According to the report, the degree of economic freedom in Oman reached 58.5 points out of 100. Oman’s 2023 score improved by 1.9 points compared to last year. Oman is ranked sixth out of the 14 countries in the Middle East and North Africa region.
The top 5 in the MENA region include UAE, Israel, Qatar, Bahrain and Jordan. Oman’s overall score results are above the global and regional average.
The report explained that Oman’s economy is being modernised and the rule of law is relatively well maintained. Recognising the importance of a dynamic entrepreneurial environment, the government of Oman is trying to diversify the economy.

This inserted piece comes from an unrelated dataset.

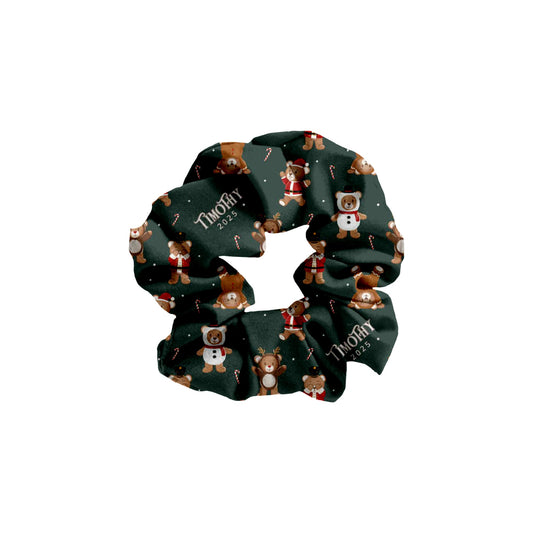 Teddy Bear Toyland Personalized Christmas Hair Scrunchie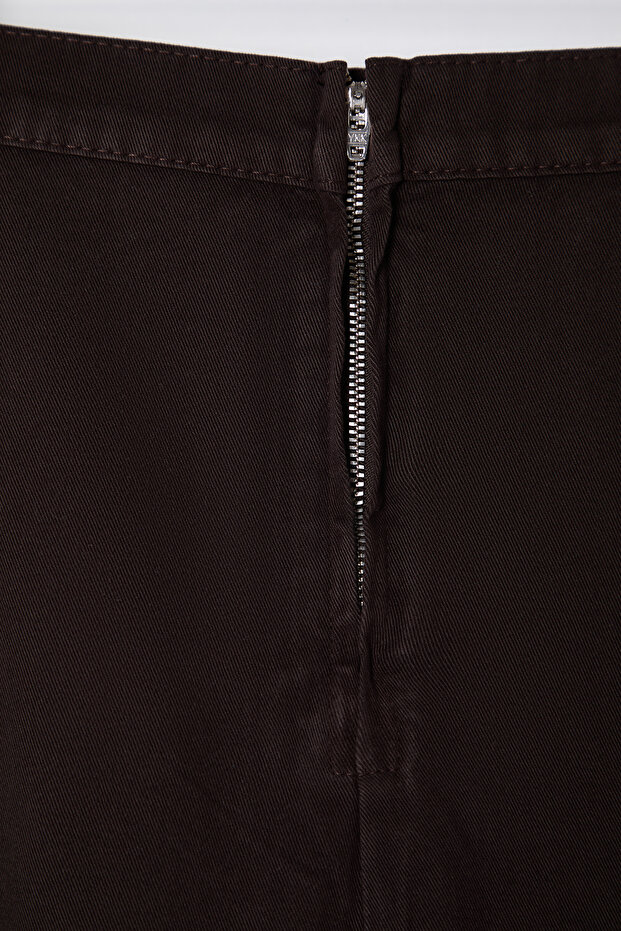 Hnědá Flounce Maxi Denim Sukně Twoss25Et00005 - 8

The Index says that the overall rule of law in Oman is relatively well respected. The country’s property rights score is above the world average; its judicial effectiveness score is below the world average; and its government integrity score is above the world average.
The top individual and corporate tax rates are, respectively, 0% and 15%. The tax burden is equal to 3.4% of GDP. Three-year government spending and budget balance averages are, respectively, 40.5% and –8.1% of GDP. Public debt equals 62.9% of GDP.

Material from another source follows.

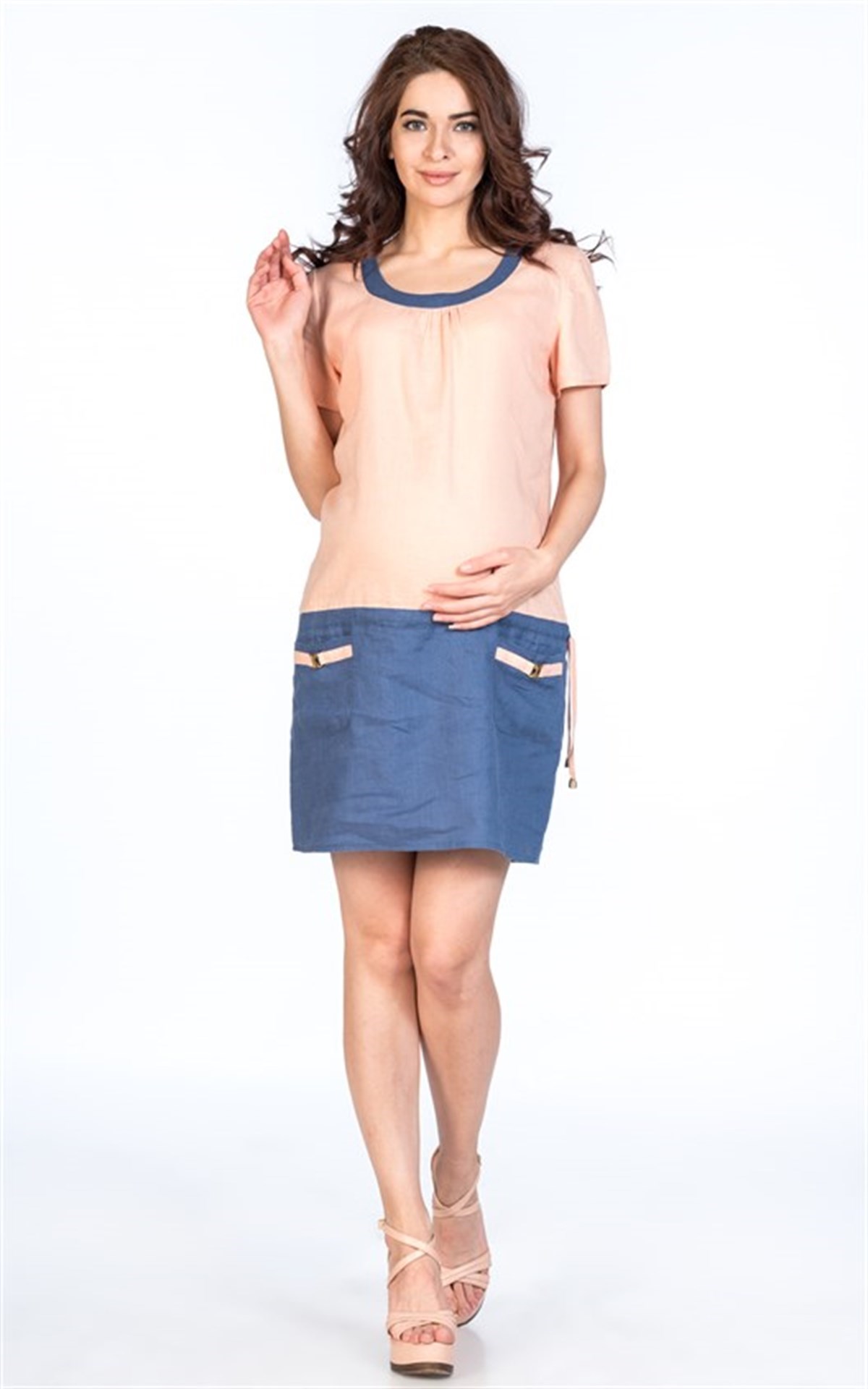 Maternity Casual Dress Skirt Pocket Blue Collar Light Pink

Oman’s regulatory environment is still evolving. The labour laws enforce the ‘Omanisation’ policy that requires private-sector firms to meet quotas for hiring native Omani workers. The state influences prices through an extensive subsidy system. The most recent available inflation rate is 1.93% as of February 2023, according to the National Centre for Statistics and Information.
Oman’s open trade-weighted average tariff rate is 4.4%. Efforts to increase transparency and streamline the investment framework are ongoing. Most credit is offered at market rates, but the government uses subsidised loans to promote investment. The Muscat Securities Market is open to foreign investors, the Index noted.
Globally, Singapore, Switzerland and Ireland topped the 2023 Index of Economic Freedom, followed by Taiwan, New Zealand and Estonia in the fourth, fifth and sixth positions respectively. They are followed by Luxembourg, the Netherlands and Denmark in the seventh, eighth and ninth positions respectively, and then Sweden, Finland and Norway in the 10th, 11th and 12th positions respectively.
As for the least economically free countries for the year 2023, North Korea bottomed the list at 176, preceded by Cuba (175), Venezuela (174), Sudan (173), Zimbabwe (172), Eritrea (171), Burundi (170), Iran (169), and Algeria (168).